Rupiah dan tekanan suku bunga acuan



JAKARTA. Keputusan Bank Indonesia (BI) memangkas suku bunga acuan menekan rupiah pekan ini. Di pasar spot Jumat (21/10), valuasi rupiah terhadap dollar AS melemah 0,26% ke 13.042 dibanding hari sebelumnya. Sementara dalam sepekan, rupiah terkikis 0,06%.

Mengacu kurs tengah BI, rupiah terkoreksi 0,16% dalam sehari, tapi masih mendulang penguatan 0,20% selama satu pekan.

Putu Agus Pransuamitra, Research and Analyst PT Monex Investindo Futures, mengatakan, spekulasi kenaikan suku bunga bank sentral AS, The Fed yang kian memanas masih membebani nilai tukar rupiah.


Meski tidak didukung oleh sajian data ekonomi AS yang positif, probabilitas kenaikan suku bunga The Fed pada Desember 2016 dari data Fed Fund Futures masih tinggi, yakni 63%.
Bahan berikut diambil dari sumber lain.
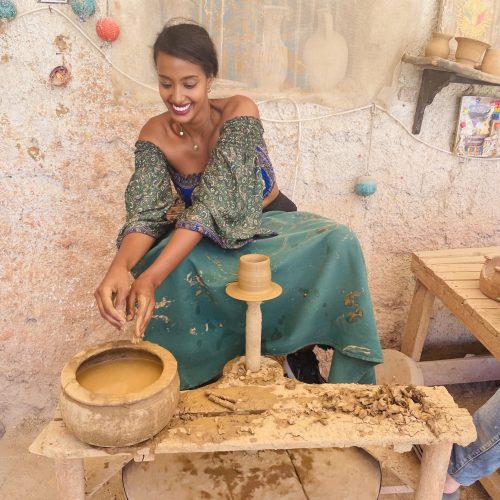 Solo female traveler learning ceramics during a pottery course in Turkey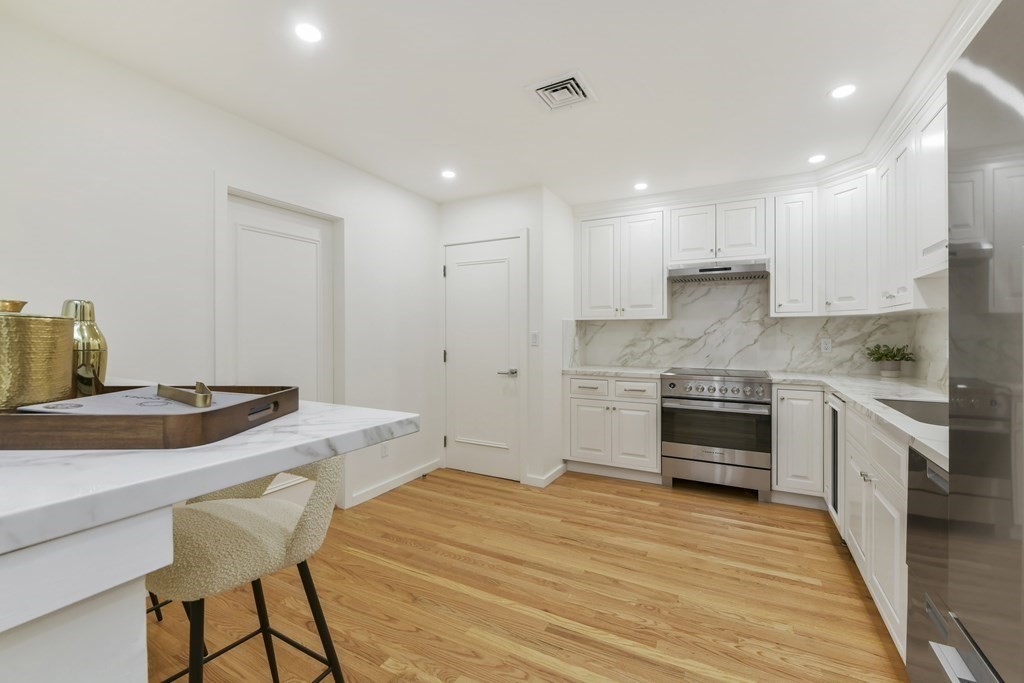 257 Commonwealth Avenue, Unit 2 Boston, MA 02116 - Photo 4 of 10 a kitchen with a stove a sink and a refrigerator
“Sebenarnya USD sedang mixed, di satu sisi unggul karena harapan pasar akan kenaikan suku bunga masih tinggi, tapi di sisi lain tertekan koreksi akibat data buruk,” kata Putu.
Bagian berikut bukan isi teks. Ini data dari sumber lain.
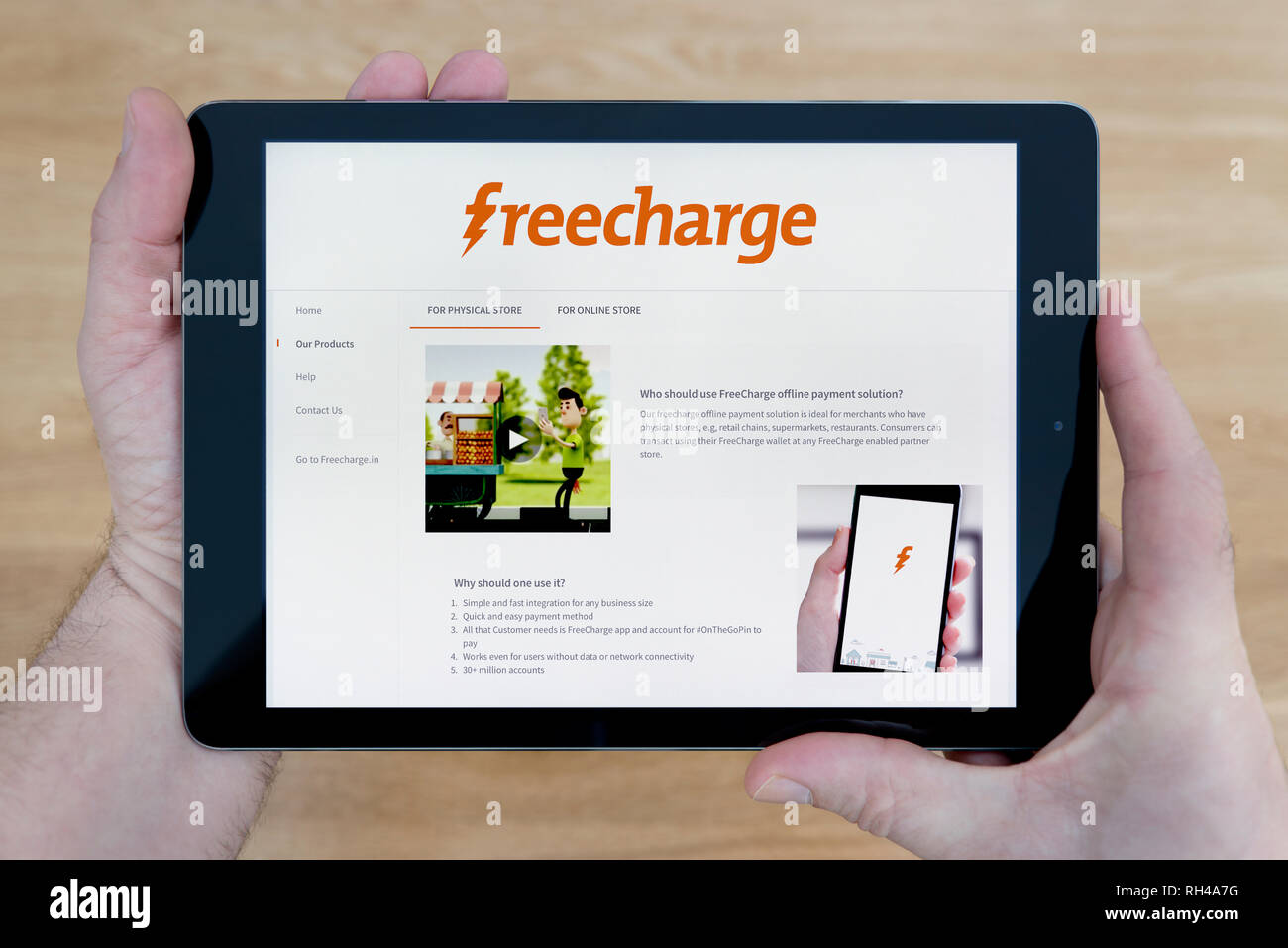 Ein Mann schaut den Freecharge Website auf seinem iPad tablet device, Schuß gegen einen hölzernen Tisch top Hintergrund (nur redaktionelle Nutzung) Stockfoto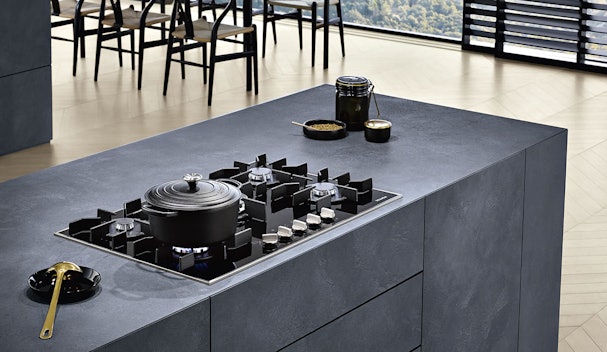 Miele gaskookplaat in moderne keuken met gietijzeren pannendragers en brandende gasvlam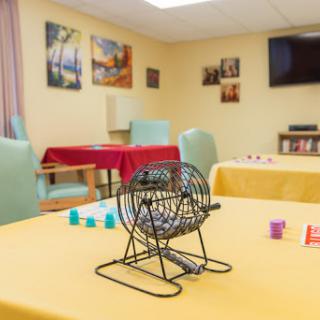 A cozy activity room set up for a game of bingo, featuring tables and chairs in a warm environment.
Setelah sajian data inflasi yang mengecewakan di awal pekan, klaim pengangguran mingguan AS pun membengkak dari 247.000 orang jadi 260.000 orang.
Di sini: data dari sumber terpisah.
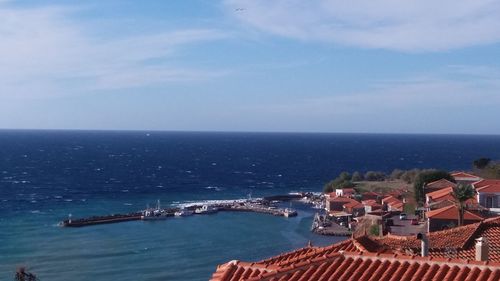 High angle view of sea and buildings against sky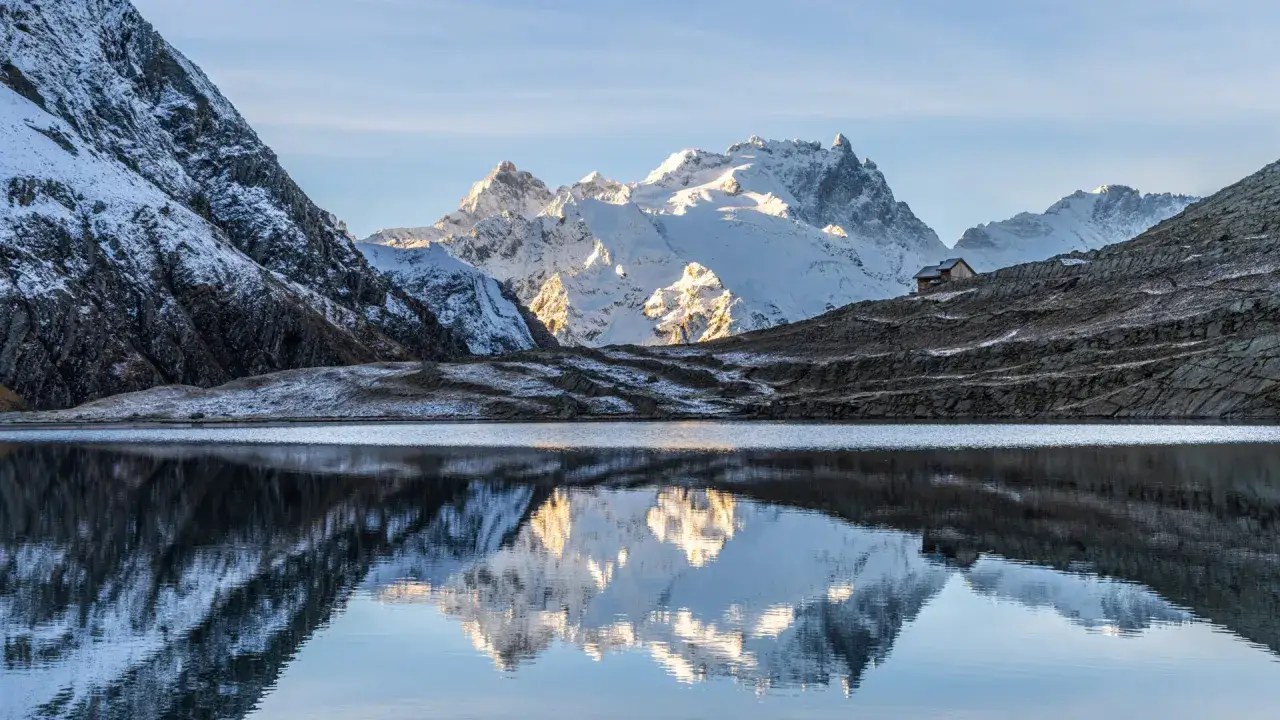 Reflets d'un lac paisible près de Briançon, avec des montagnes enneigées et un refuge. Une parfaite image pour une randonnée.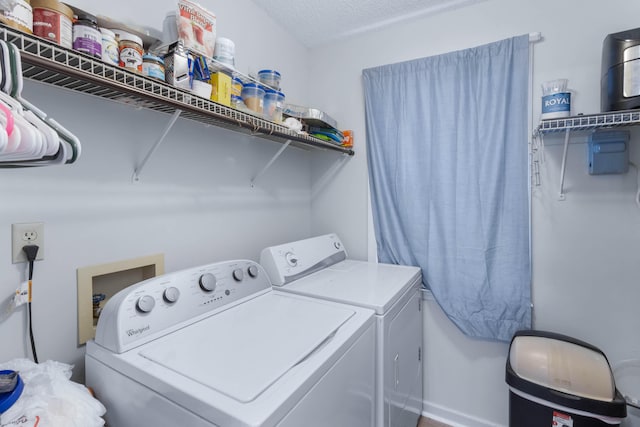 laundry area with a textured ceiling and independent washer and dryer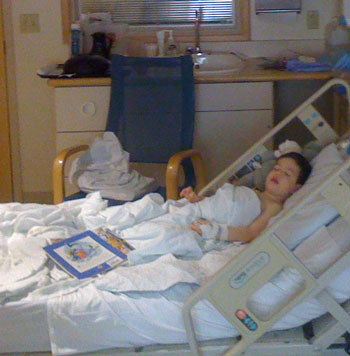 Austin sleeping in a hospital bed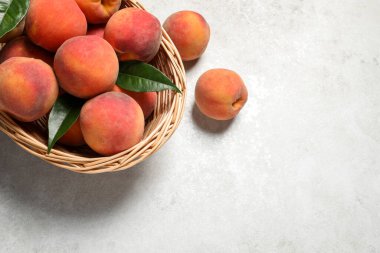 Hasır sepetin içinde taze şeftali ve yapraklar açık dokulu masada, düz yerde. Metin için boşluk
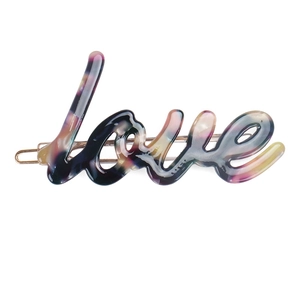 Detail showing 'Love' acetate hair clip with tortoiseshell texture and gold metal base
Menurut Josua Pardede, Ekonom Bank Permata, tekanan bagi rupiah baru terasa signifikan setelah suku bunga acuan BI 7-day repo rate kembali digunting, Kamis (20/10), jadi 4,75%. Sebab, pelaku pasar berharap suku bunga acuan tetap dipertahankan.

“Imbasnya untuk jangka pendek, pelaku pasar lebih memilih memindahkan dananya ke aset dengan suku bunga lebih menarik,” ujar dia.

Josua memproyeksikan, pekan depan rupiah masih akan bergerak dalam rentang sempit cenderung melemah. Penyebabnya, perhatian pasar yang tinggi terhadap data ekonomi AS dan pernyataan pejabat The Fed. Ia memperkirakan rupiah bergerak di kisaran 12.975–13.100. Putu menduga rupiah pekan depan di 12.940–13.120.